Regarding writing off debt, which is high on Syriza’s agenda, Milios said that there are various technical instruments available to make it possible.

Reforming the tax system and the public administration are among the key reforms that Syriza plans to apply if it wins elections.

“We plan, for example, to reduce the number of ministries from 18 to 10 and introduce a public sector driven by criteria of effectiveness,” Milios said.

“While some ministries are not important, there is a need to increase the number of tax inspectors, because the current government has not effectively prosecuted tax evasion,” according to Milios, Professor of Economics at the Technical University of Athens.

Syriza’s economic program, named the “Thessaloniki Agenda” highlights combating the humanitarian crisis, reviving the economy, restoring stability to the labor market and reforming the State.

The program’s cost is estimated at $14 billion.

The first part of the program seeks to provide electricity to 300,000 homes as well as providing food and public transportation for the poor.

Labororiented measures includes restoring the minimum wage of $885.

Syriza’s government would also create an investment bank, which aims to address the problem of accumulated debt of small and mediumsized enterprises, SMEs.

Regarding private debt, the goal is to enable settlement agreements that allow each debtor to repay a maximum of 30% of their income; the balance would be frozen until they are able to pay.

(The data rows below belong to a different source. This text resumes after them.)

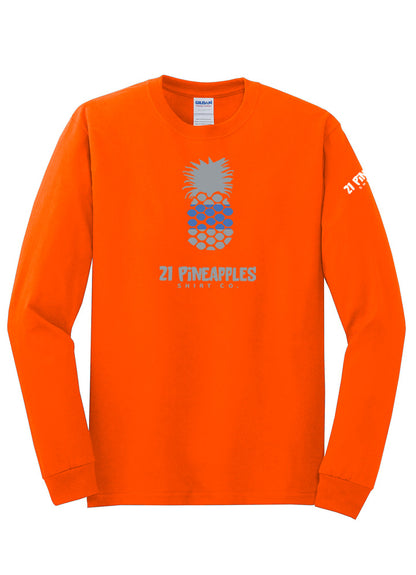 21 Pineapples Blue Stripe Long Sleeve Tee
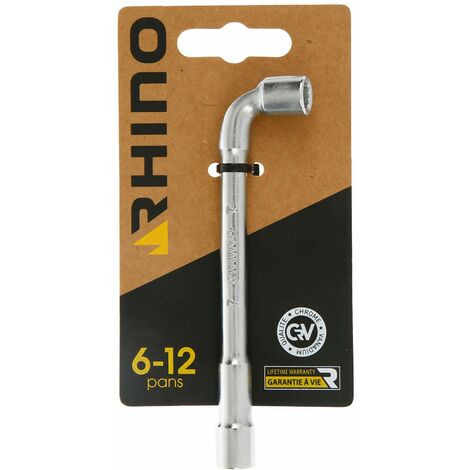 Rhino Clé tubulaire et à Pipe 7mm Pipa con Bocca Aperta 7 mm, Chiave Tubolare – Diametro Impronta 6/12 Lati – Realizzato in Acciaio (Cromo vanadio) – Garanzia a Vita – Diverse Misure Disponibili, NC
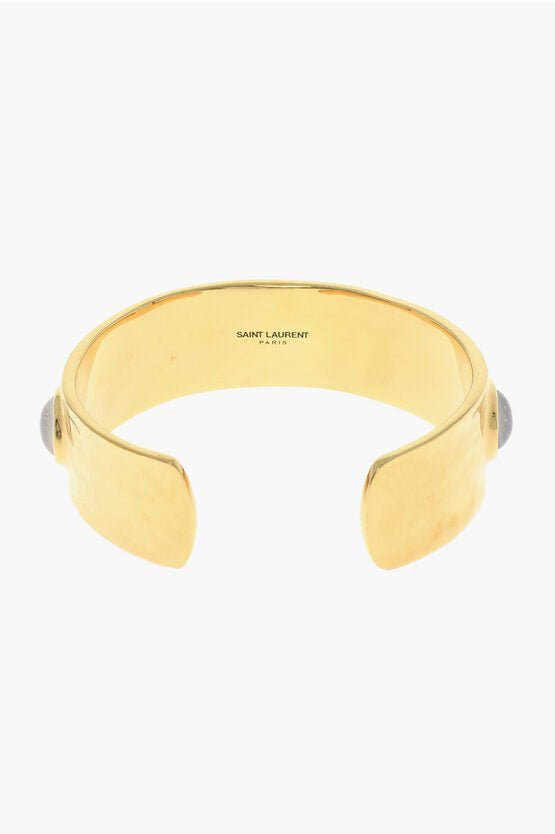 Bracelet - Saint Laurent Golde - Effect Brass Cuff Bracelet - 8130097970 - Ask Me Wear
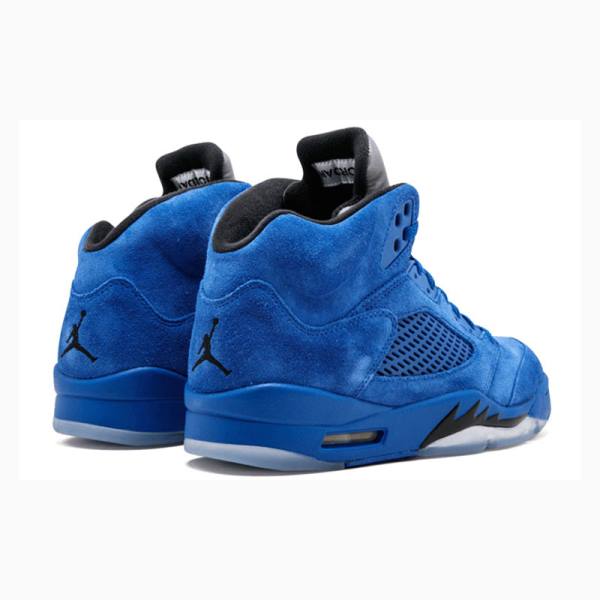 Blue Nike Retro Flight Suit - Suede Basketball Shoes Men's Air Jordan 5 | JD-289CU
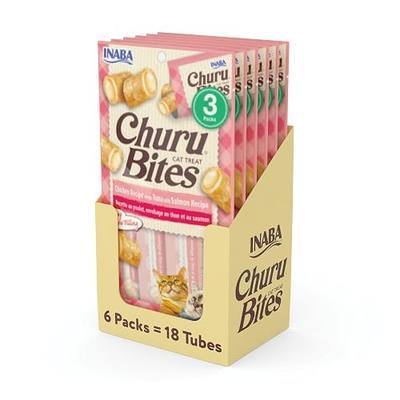 INABA Churu Bites Soft & Chewy Cat Treats, Tuna Salmon, 18ct | Immune support, 72% moisture, Low calorie, Pill-friendly center, Grain-free, Preservative-free, 18 x 0.35 oz tubes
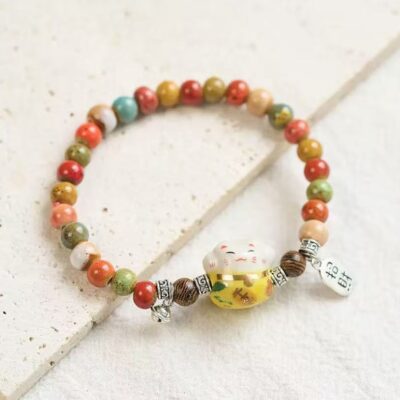 Artistic pastoral sweet fortune cat ceramic bracelet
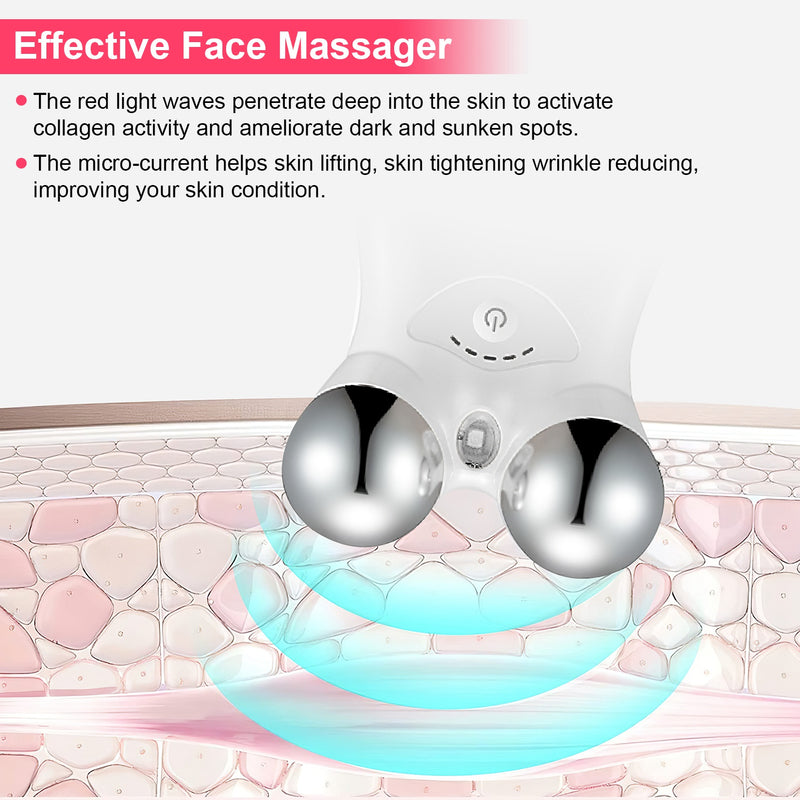 1Pc Microcurrent Face Massager Rechargeable Face and Neck Roller Intelligent Facial Massager with 5 Modes for Skin Tightening, Lifting, and Wrinkle Reduction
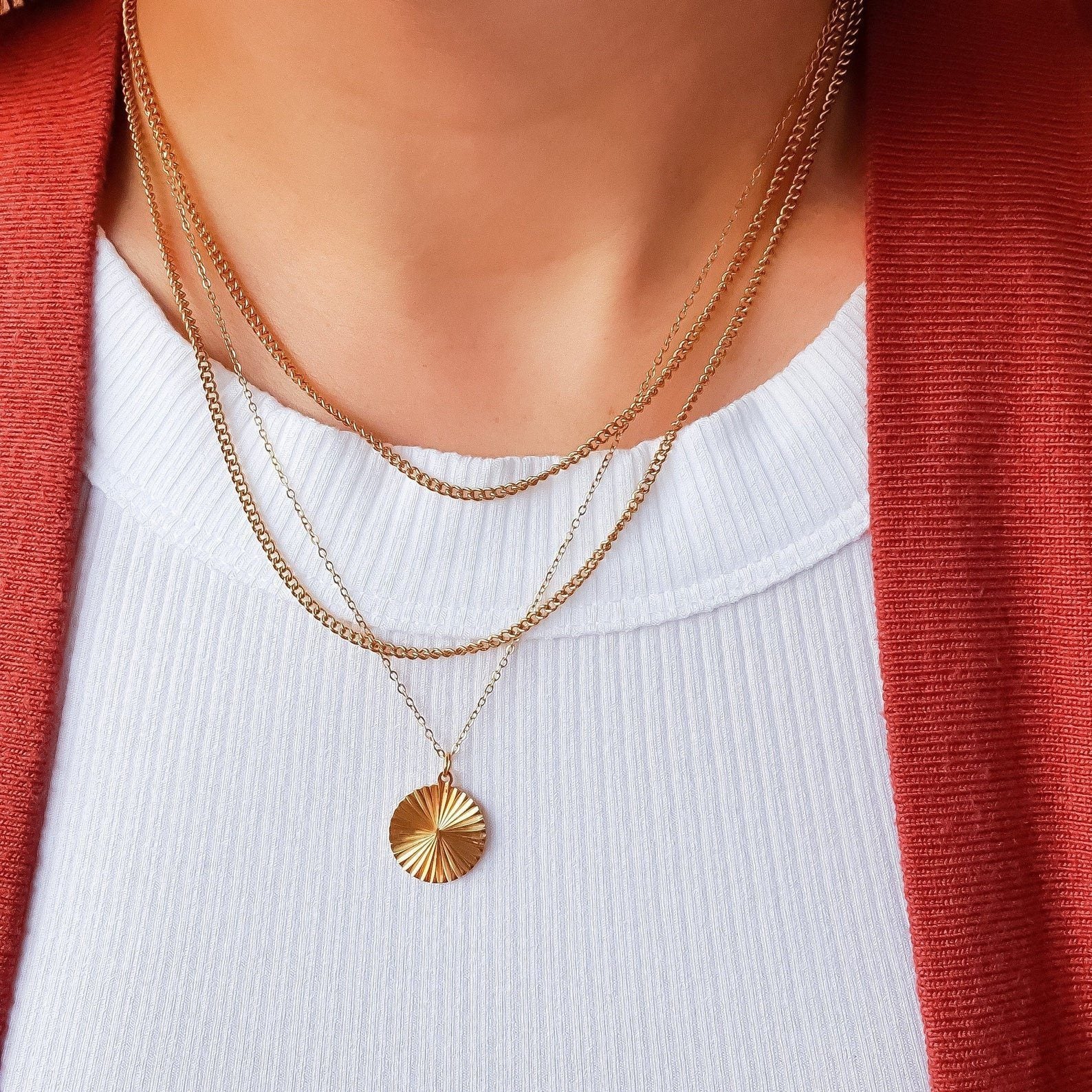 Gold Coin Charm Necklace, 18K Gold Filled Pendant Necklace, Gold Chain Necklace, Shining Sun Necklace, Coin Medallion Necklace, Gift For Her LATUKI 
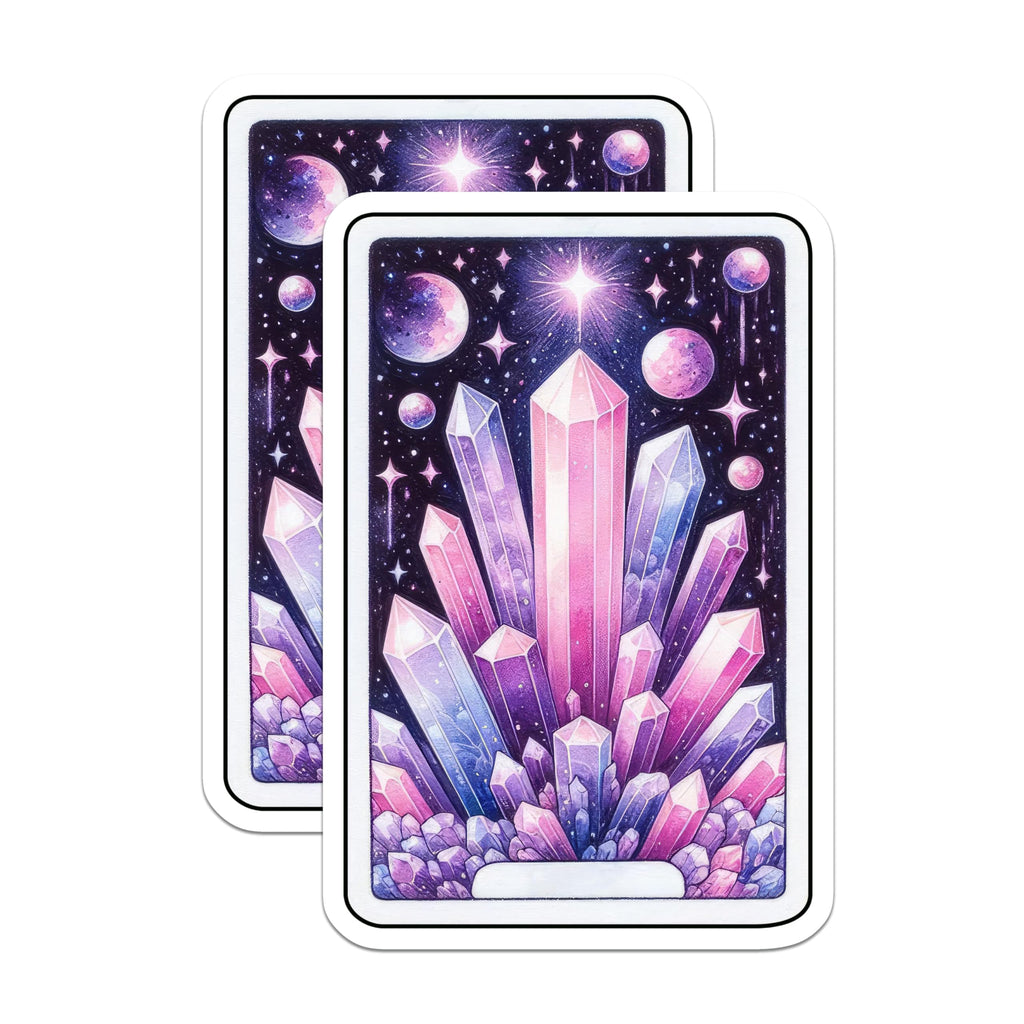 (2 Pack) Cosmic Crystal Cluster Magnets - Vibrant Space Galaxy Aesthetic Art - Celestial Fantasy Gemstone Refrigerator Decor - 5 Inches On Longest Side - Thick Durable Magnet - Made in USA - MAG20677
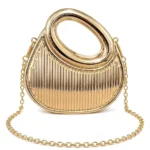 Golden Metallic Clutch Bag for Women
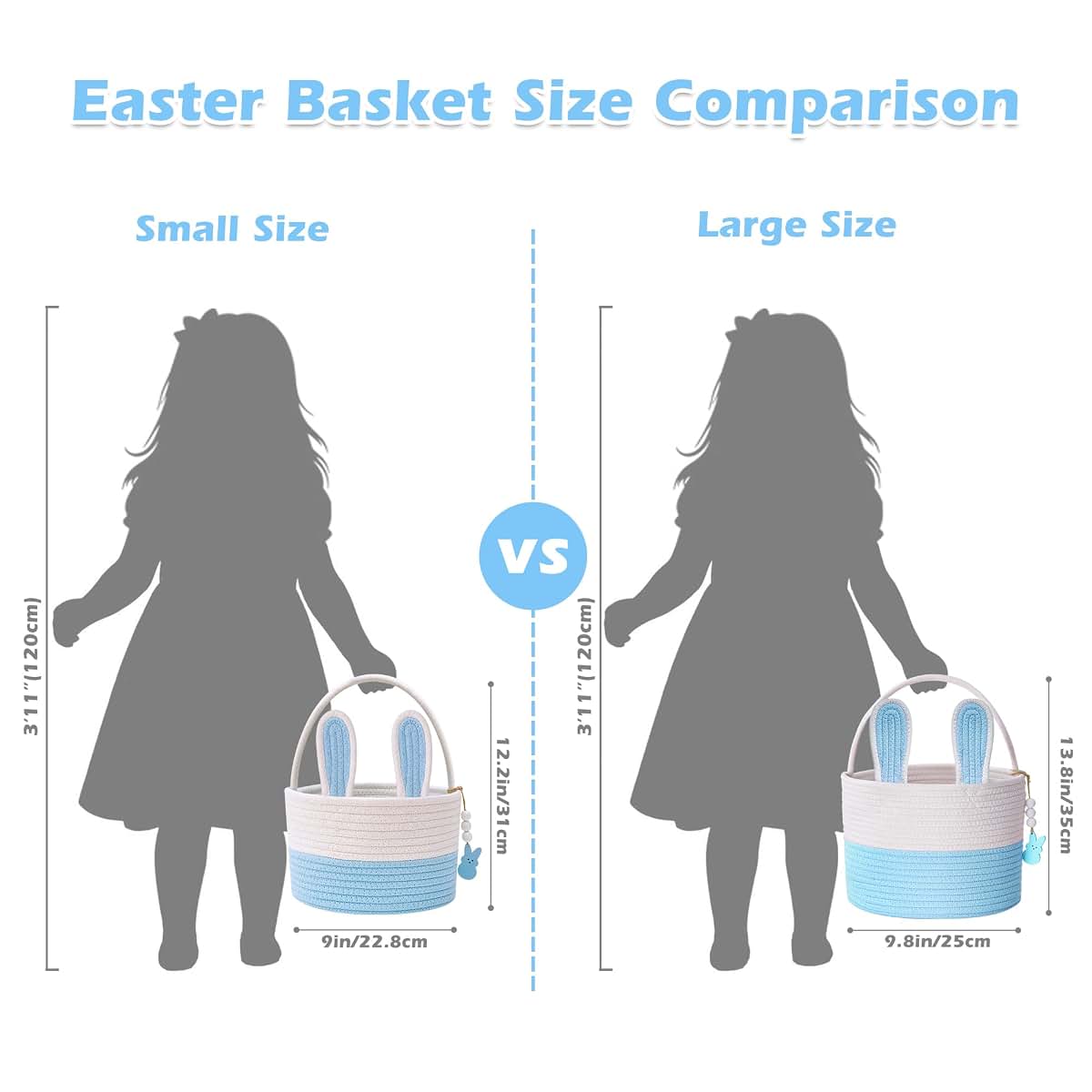 Woven Cotton Rope Bunny Easter Basket for Boys and Girls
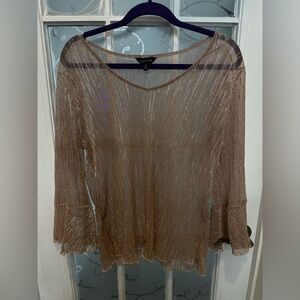 Adiva gold Pleated 3/4 Sleeve Blouse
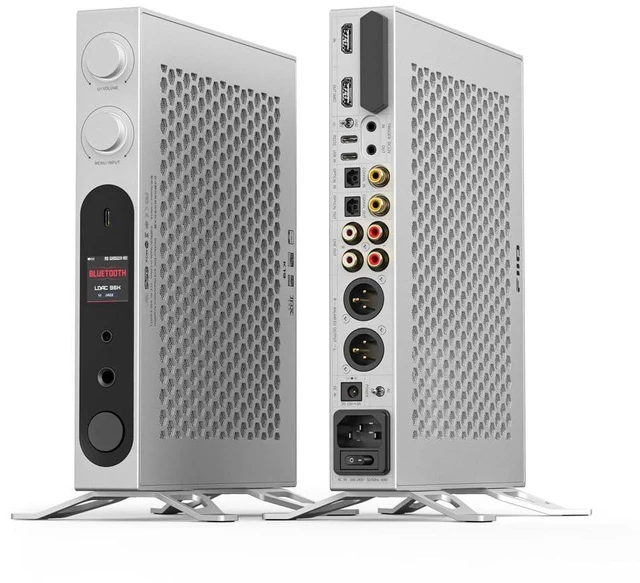 Main image of K19 Dual ES9039SPRO Desktop DAC HiFi Audio DSD512, 31-Band PEQ, XMOS XU-316 for HDMI/Coaxial/Optical Audio Decoder (Silver)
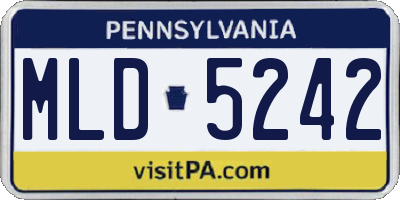 PA license plate MLD5242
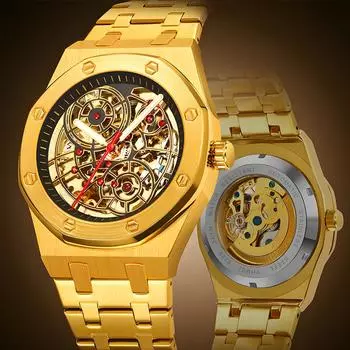 Автоматические механические часы с рубиновым инкрустированным циферблатом из нержавеющей стали для мужчин, водонепроницаемые, с ночным светом, модные, роскошные, деловые часы серебряный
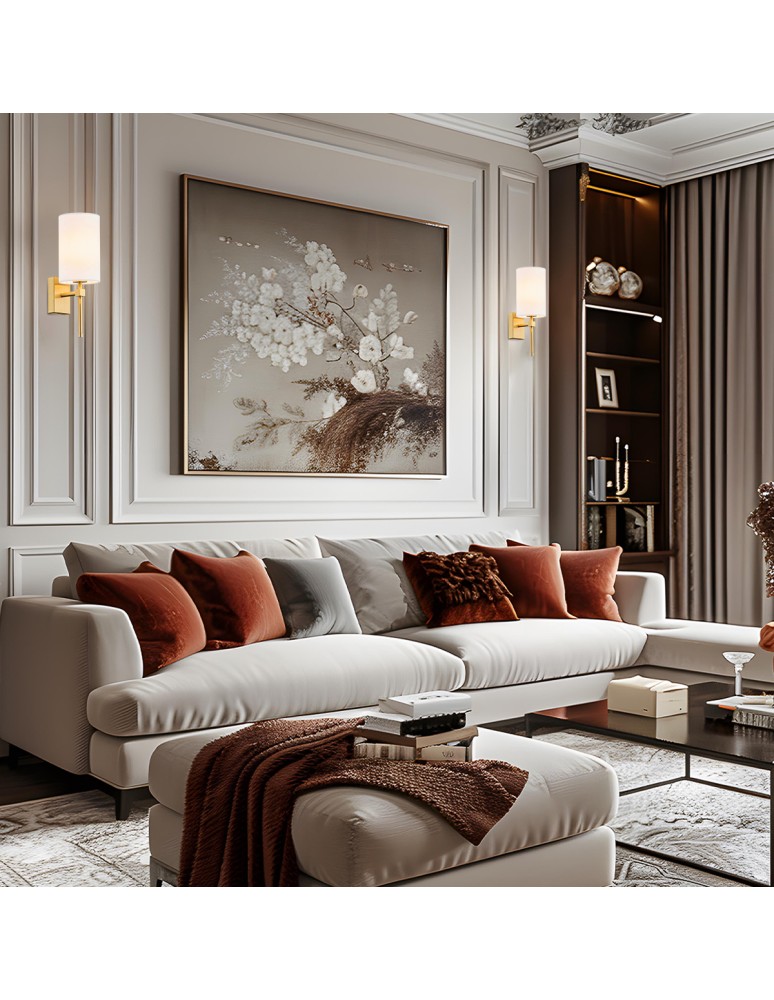 Modern wall lamps - Argon ABRUZZO wall lamp 1 pł. 1x7W (max) white brushed brass 8034 - product kolory-swiatla.pl 2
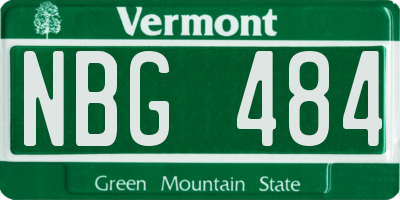 VT license plate NBG484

“With these agreements we expect to recover around $24 million over a period seven years, with around $3.8 billion of that total in the first year,” explains Syriza’s chief economist.

According to Milios, around $14 billion could be financed as follows: around $3.8 billion from the recovery of money drained away by tax fraud, another $3.8 billion from repayment of delinquent loans and $3.8 billion from the Greek financial stability fund.